Instituto Antonacci – Sleeping Pretty in Lecce

I was knackered, having stayed up past 2am doing my post-processing. There was no urgency, except that I really wanted to see my shots.

My room had high ceilings and one window whose cil started about 8ft off the ground. Adorned with shutters, there was a contraption leaning up against the wall, in the corner, with which to close the said offender. To be honest, I couldn’t be assed with trying to close it. What it meant was that as soon as the sun was up, friendly, warm light spilled in….early.

I don’t know why, perhaps due to years working in dark studios, my eyes are hypersensitive to light. As soon as the sun is up, so am I. Being in Lecce , I was in a heightened state of excitement anyway. Up I got. Instituto Antonacci was quiet, nothing stirred, not even a mouse. Luckily my room was right next to the Braille library. I grabbed my tripod and tippee toed in, so as not to disturb. There was an extraordinary aroma of musty pages: shelves and shelves of braille books and some spread out on a table in the centre, a complete set of The Divine Comedy giggling in the corner, some of the students’ exercise books on display and a braille version of Walt Disney’s Bambi.

Again, through another window high up, shone the sun.

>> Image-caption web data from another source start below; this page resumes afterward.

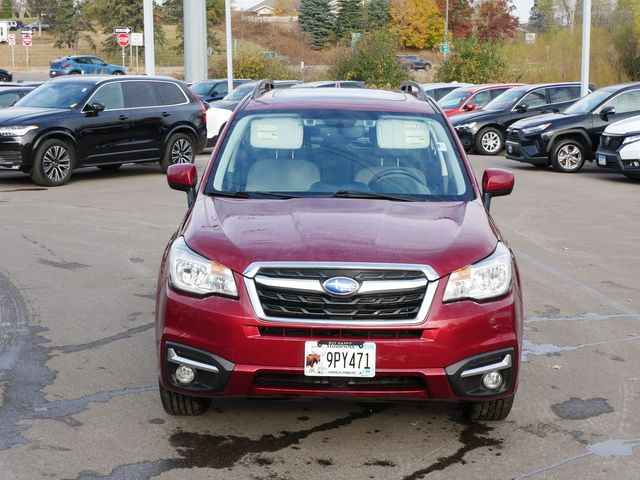 2017 Subaru Forester Premium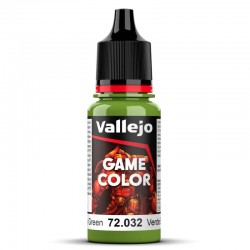 Game Color : Vert Scorpène...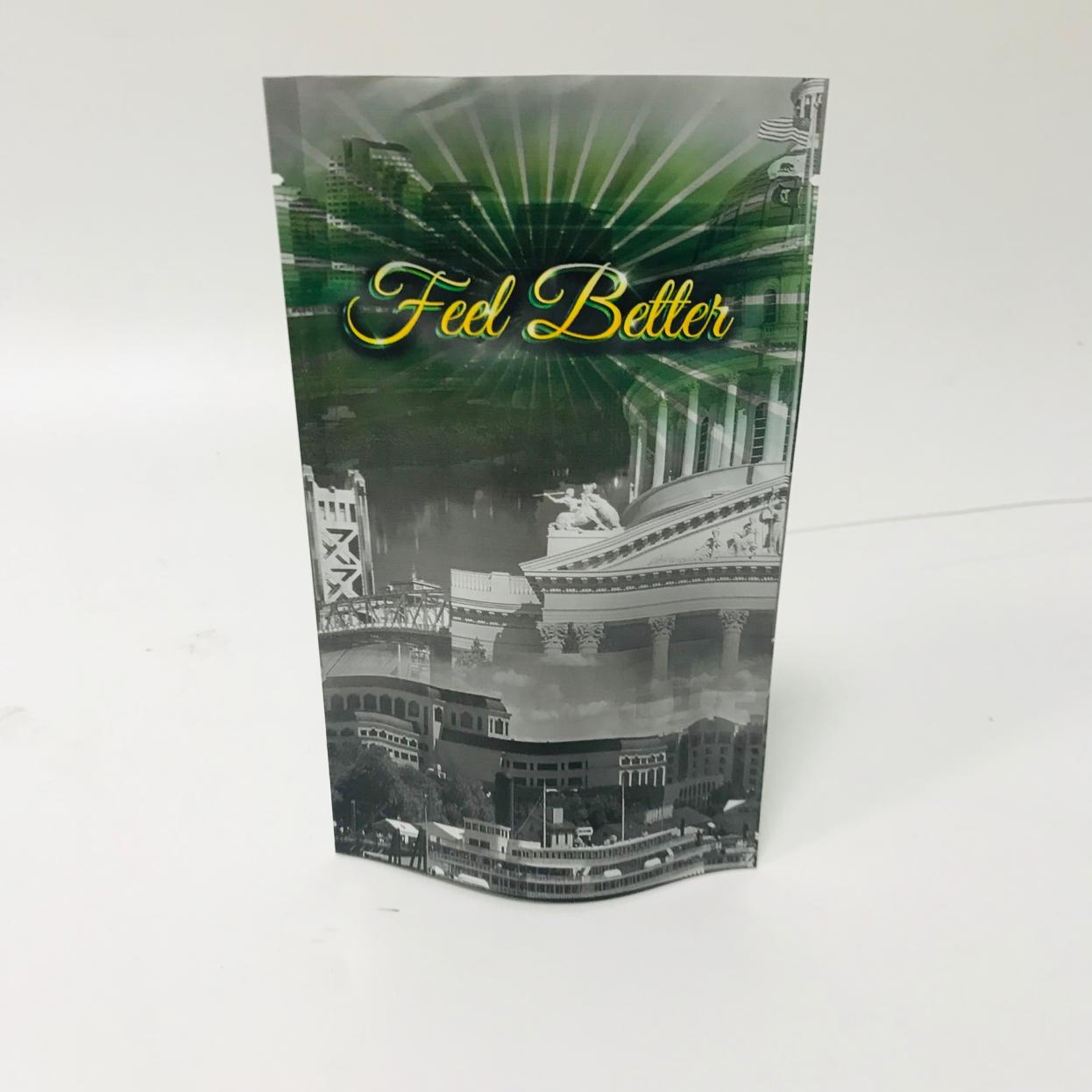 Sophisticated Matte Finish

I knew it was only a matter of time before students would arrive, so I trembled trying to get the shots done using l-o-o-o-n-g exposures.

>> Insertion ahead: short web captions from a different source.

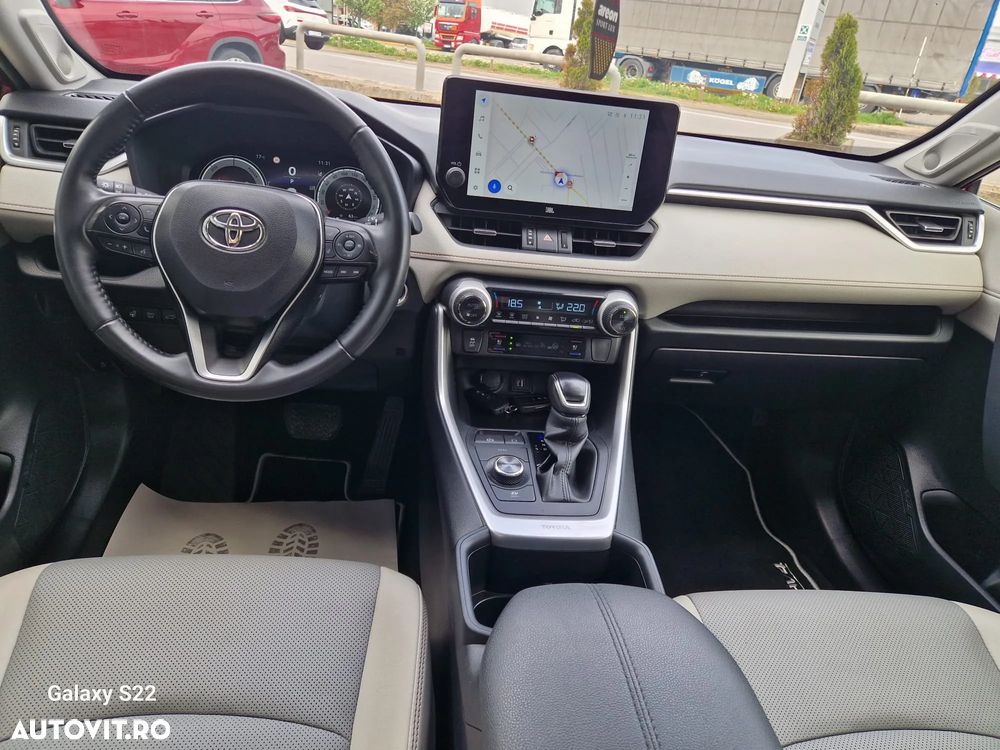Toyota RAV4 2.5 VVT-iE 4x4 Luxury Premium - 14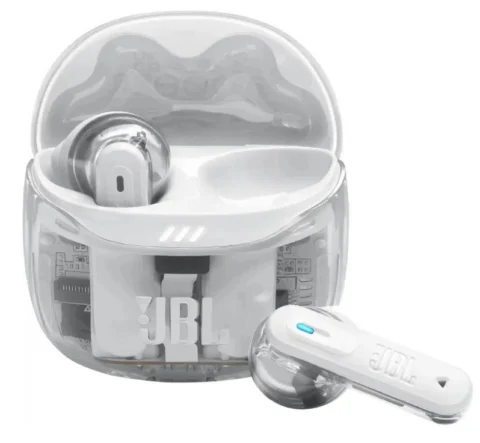 JBL JBLTFLEX2GWHT призрачно-белая Tune Flex 2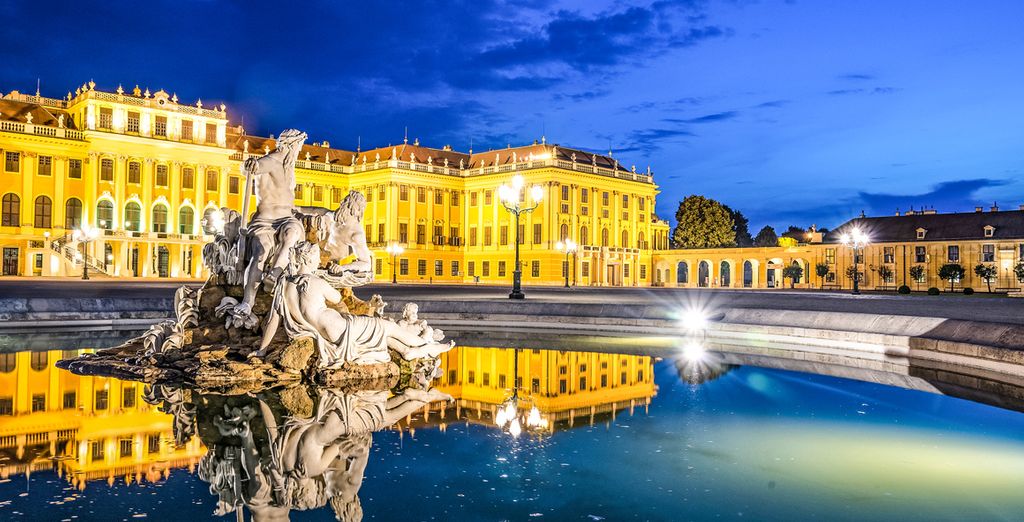 Austria Trend Hotel Park Royal Palace 4*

There is more here than meets the eye. Yes, the rooms are lovely, clean, furnished simply. Yes, the staff are lovely and friendly but it’s not just a B & B. Walking down the echoey corridors, you come across strange artefacts….sewing machines….other paraphernalia. There is even a lecture theatre. There seem to be several ways to access the same place, like an Escher drawing, up and around, down and out. The floor is tiled throughout with terracotta and white. This is an art class in the rules of perspective.

Next to the lecture theatre are classrooms which welcome visually impaired students. Papier maché sculptures and willow baskets lie scattered about. Easels rest up against the wall like elderly people taking a rest on the way to the supermarket.

Down yet another corridor, I pass through door after door, into the derelict wing of the building. Again the same motif, stacks and stacks of braille books, abandoned. I wonder how anyone could just neglect them like this.

It’s silent. All I can hear is me tightening up my tripod and breathing.